# BMW Motorsport announces plans for BMW M6 GTLM with BMW Team RLL



## [email protected] (Aug 15, 2012)

-_M6 GT3_

*BMW Motorsport announces plans for BMW M6 GTLM with BMW Team RLL in the IMSA WeatherTech SportsCar Championship.*

While the BMW M6 GT3 will contest race events and series with FIA GT3 regulations as of next season, BMW Motorsport is also working on a new challenger for the elite class of North American GT racing: the BMW M6 GTLM. The plan is to return for an eighth season with BMW Team RLL and field the newly developed racing car in the IMSA WeatherTech SportsCar Championship in 2016.

"Using the basis of our new BMW M6 GT3 to develop a car for the WeatherTech Championship was a logical step," said BMW Motorsport Director Jens Marquardt. "The BMW M6 GTLM has all the essential ingredients to thrill fans in the USA and Canada. We are keen to continue our works commitment on the other side of the Atlantic at the highest level since the WeatherTech Championship is a fantastic stage with a high quality field and legendary venues. We feel right at home there."

Ludwig Willisch, Chairman and CEO of BMW of North America, LLC, added: "Success in motor racing helped us prove The Ultimate Driving Machine claim in North America forty years ago and continues to be an important part of the BMW marketing strategy to this day. As the largest market for BMW M in the world, we are eager to delight our fans with the BMW M6 GTLM in the 2016 WeatherTech Championship."

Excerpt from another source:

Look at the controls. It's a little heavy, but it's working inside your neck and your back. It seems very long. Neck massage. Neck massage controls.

Bobby Rahal, Team Principal BMW Team RLL said, "A new car, a very competitive field and the hundredth anniversary of BMW means 2016 will be an exciting year. I am thrilled that RLL will continue to represent BMW's motorsport program in North America for an eighth season. The M6 GTLM will be the third model we have raced since 2009 (M3 (2009-2012); Z4 (2013-2015) and we look forward to the challenge."

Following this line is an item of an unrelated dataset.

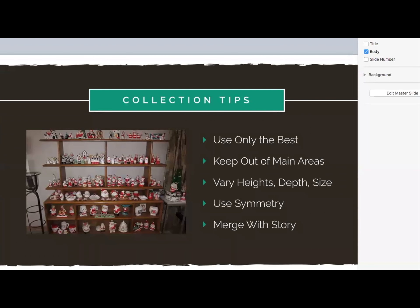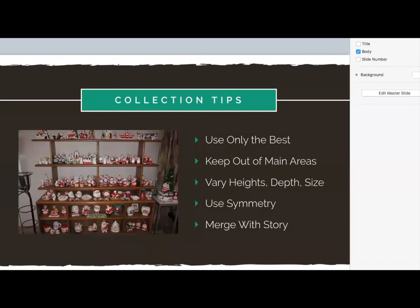Guys, here are some collection tips. If you are a collector and your collection is getting out of hand, you may want to dumb it down a little and use the best of what you have. Keep it out of the main areas because then it's going to look a lot more like clutter. Use varying heights, depth, and sizes to make it more interesting. You can use symmetry too - what you have on one side mimicking what you have on the other side. Also try to merge it with whatever story you have.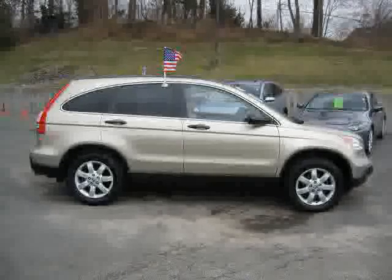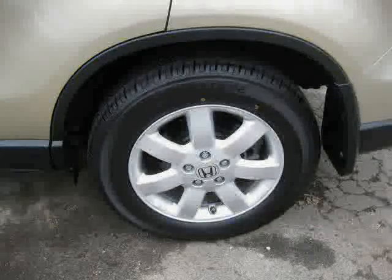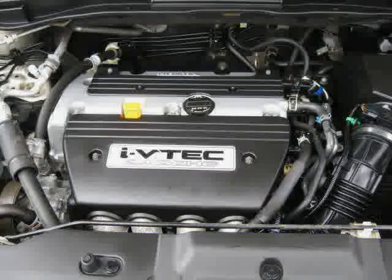Traction control, vehicle anti-theft system, 4-wheel anti-lock brakes, rear head airbag, and CD changer — driven with care for 55,248 miles — makes this CR-V an easy choice for you.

BMW Motorsport engineers derived the BMW M6 GTLM from the BMW M6 GT3, and the BMW M6 GTLM took part in the official "Balance of Performance" tests performed by the International Motor Sports Association (IMSA) for GTLM homologation alongside GT3 testing by the FIA and ACO in Ladoux, France. Subject to final approvals by IMSA, based in North America, the BMW M6 GTLM is expected to race in the IMSA WeatherTech SportsCar Championship in 2016. Like the GT3 version, the car is powered by a lightly modified version of the V8 production engine with M TwinPower Turbo Technology from the BMW M6 Coupé.

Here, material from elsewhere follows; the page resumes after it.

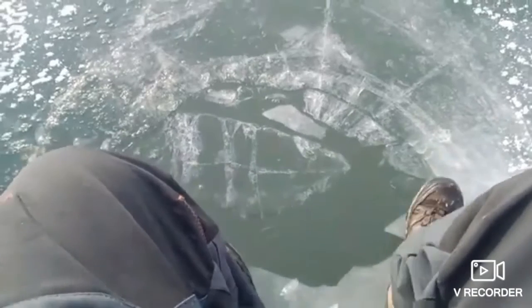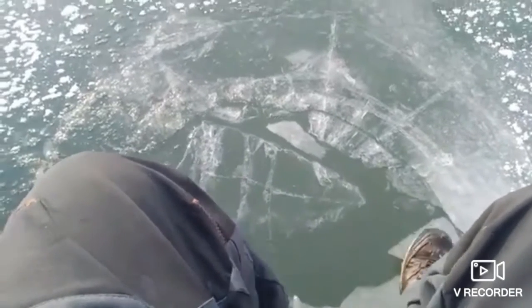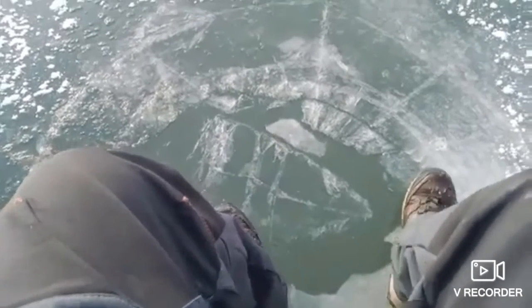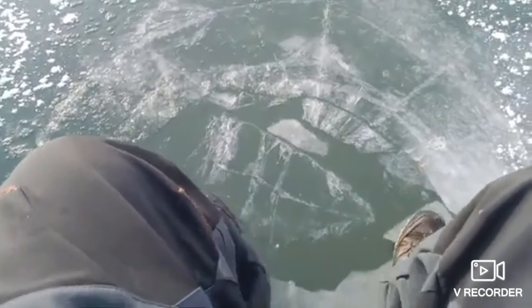And had I fallen in right here, the first thing you do is you get on your belly and you slide onto the ice and you get out as quickly as possible. Because now you're facing hypothermia and death.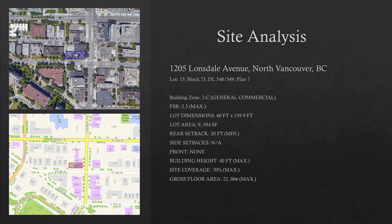The lot is long and narrow in shape with dimensions 60 by 159.9 feet, giving it a total surface area of around 9,564 square feet. The only setback outlined in the zoning code is in the rear with a 20-foot minimum; however, the structure is adjoining to a pre-existing building on its north side.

In the previous three seasons, BMW Team RLL contested the American Le Mans Series and the United SportsCar Championship with the BMW Z4 GTLM and celebrated five victories and an additional 15 podiums to date. Further milestones in the recent GT history of BMW in North America include winning the title in the American Le Mans Series in 2001 with the BMW M3 GTR (Drivers', Team and Manufacturer titles), as well as with the BMW M3 GT in 2010 (Team and Manufacturer titles) and 2011 (Drivers', Team and Manufacturer titles).

The 2016 season of the IMSA WeatherTech SportsCar Championship opens with the 24 Hours of Daytona on 30th/31st January. This is followed by a further ten events for the GTLM teams, which will take them to some of the most iconic racetracks in North America. As is tradition, the "Petit Le Mans" in Road Atlanta will provide the spectacular stage for the season finale on 1st October.


----------